RECORDS FOR THE EXERCISE
___

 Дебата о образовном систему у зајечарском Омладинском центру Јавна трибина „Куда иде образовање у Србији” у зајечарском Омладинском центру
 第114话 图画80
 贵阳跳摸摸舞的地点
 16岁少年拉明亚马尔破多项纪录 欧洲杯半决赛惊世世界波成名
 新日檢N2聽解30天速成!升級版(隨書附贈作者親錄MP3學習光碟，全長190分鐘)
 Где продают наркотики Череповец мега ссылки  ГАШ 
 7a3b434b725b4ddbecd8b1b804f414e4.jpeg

___

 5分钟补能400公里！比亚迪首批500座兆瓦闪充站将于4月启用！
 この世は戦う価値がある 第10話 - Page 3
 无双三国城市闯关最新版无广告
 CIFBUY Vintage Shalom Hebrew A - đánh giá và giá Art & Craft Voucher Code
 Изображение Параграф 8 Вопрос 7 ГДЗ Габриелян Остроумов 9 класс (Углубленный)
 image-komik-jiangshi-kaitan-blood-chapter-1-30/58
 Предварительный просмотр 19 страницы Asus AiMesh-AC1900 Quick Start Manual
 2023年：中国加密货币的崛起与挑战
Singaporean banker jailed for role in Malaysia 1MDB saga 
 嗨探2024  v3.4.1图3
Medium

___

Every line above from the line with "16岁少年拉明亚马尔破多项纪录 欧洲杯半决赛惊世世界波成名" to the line with "7a3b434b725b4ddbecd8b1b804f414e4.jpeg", inclusive, must be returned exactly; no other line belongs in the reply.

EXPECTED ANSWER
 16岁少年拉明亚马尔破多项纪录 欧洲杯半决赛惊世世界波成名
 新日檢N2聽解30天速成!升級版(隨書附贈作者親錄MP3學習光碟，全長190分鐘)
 Где продают наркотики Череповец мега ссылки  ГАШ 
 7a3b434b725b4ddbecd8b1b804f414e4.jpeg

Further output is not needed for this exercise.